> [DATASET EXTRACT]:
____
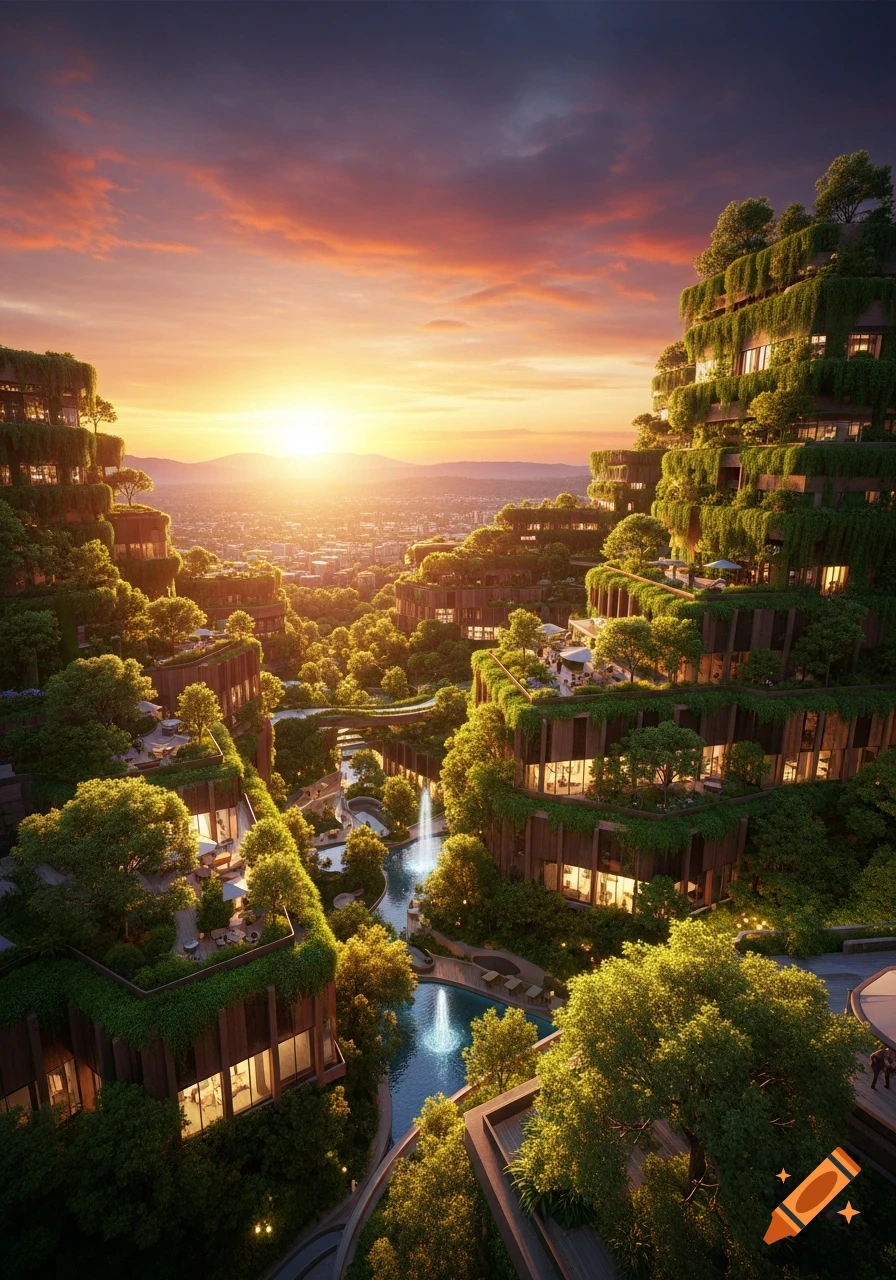 A vibrant, futuristic city with lush green buildings and flowing water ...
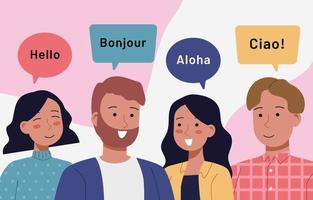 platt unga människor säger hej på olika språk vektor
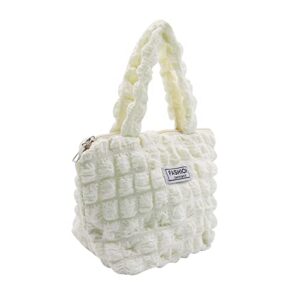 Women Chic Quilted Puffer Tote Bag, Light Solid Color Lattice Shoulder Handbag Soft Puffy Tote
____
> [WHAT YOU NEED TO DO]: Once the pictures are set aside, repeat the data above exactly.

> [RESULT FOR THIS EXERCISE]:
 A vibrant, futuristic city with lush green buildings and flowing water ...
 platt unga människor säger hej på olika språk vektor
 Women Chic Quilted Puffer Tote Bag, Light Solid Color Lattice Shoulder Handbag Soft Puffy Tote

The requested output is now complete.